A.  No, a politician is an executor, not a thinker.  Always remember the example that Popper gave:  “Lenin is Marx’s executor.”  I think that this statement is very correct. Marx was a thinker. He was never a power holder.  But when Lenin came to power, it was Marx’s brain that dictated his actions.  Democracy in the West was the product of philosophers, not politicians.  First, they made society liberal; then, a liberal state came into being.  So, you mustn’t overlook the indirect role that thinkers play in society and in politics.  This is what defines intellectuals.  Intellectuals tackle these issues and these issues are very sensitive; so, intellectuals pay the cost and, inevitably, grapple with the state.   

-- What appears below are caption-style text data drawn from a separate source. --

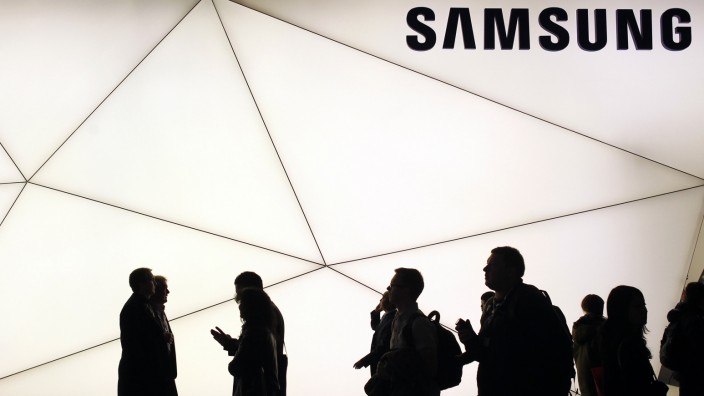 People walk past a Samsung stand at the Mobile World Congress in Barcelona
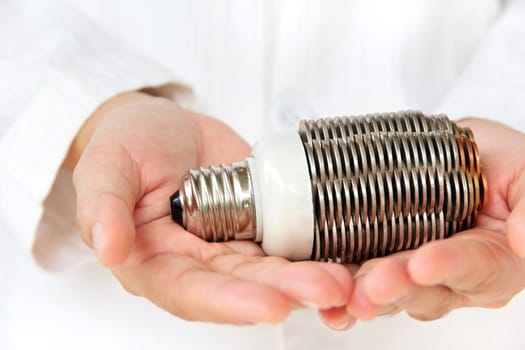 hand holding coin light bulb concept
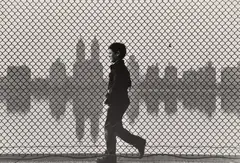 Ruth Orkin, Boy & Fence, Central Park Reservoir, 1954, Gelatin silver print, printed later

As to whether intellectuals have addressed the people as much as they’ve addressed the state, it depends on the society that you’re talking about.  In a society where the state is all-pervasive and casts its shadow over everything, you’ll see its shadow wherever you go.  And even if you want to address the people, you’ll come up against the state.  But if you’re in a relatively democratic society, where the state has handed over many affairs to the people, then, sometimes you’ll address the state and sometimes you’ll address the people.  First, we have to see how pervasive the state has made itself.  In fact, this is one of the demands of intellectuals:  that the state should become less pervasive and that it should become minimal, not maximal.

 

Q.  Why do you think the reform movement suffered a setback?

 

A.  I don’t really want to go into this now, because the concepts of democracy and human rights themselves have shortcomings that need to be redressed.  These are issues that are being discussed by philosophers of law, ethicists and so on.  But let me begin by reminding you that not every fault can be attributed to the state;  this is not at all the case.  We, the people, have shortcomings that we must acknowledge.  For example, the disregard for rules and laws that drivers display on our streets cannot be blamed on our rulers.  There are problems in our conduct for which we are to blame and we only attribute them to others to exonerate ourselves.  Unfortunately, a kind of selfishness has become pervasive among us which is the source of many ills.  One of the causes for the setback that the reform movement suffered consisted of the big obstacles that they placed in its way.  Another cause consisted of a series of factors that exist among the people, making it difficult for them to act upon some ideas.  Another cause was the reformists’ practical and theoretical weaknesses.

 

Q.  What kind of reassessment do you think is needed in order to revive the political reform movement and how must the reformists use the eight years that they had in power and the four years that they have spent on the sidelines?  Another question is:  how can religious intellectuals help revive the reform movement?

 

A.  I’d still prefer it, for now, if the reformists turn towards civil society under a relatively moderate government, adopt the patience of gardeners and sow seeds for the future.

 

Q.  In the last few days before the last presidential election, you said that you thought Mr Karrubi was the best choice for president.  Who do you think is the best choice now and what do you think the consensus is among the reformists?

 

A.  I really haven’t come to a particular conclusion in this respect yet.  So, I’ll opt for silence now.  If I come to a decision, I’ll make it known.

 

 

 

**Translated from the Persian by Nilou Mobasser





* Published in E’temad newspaper on 16 April 2009.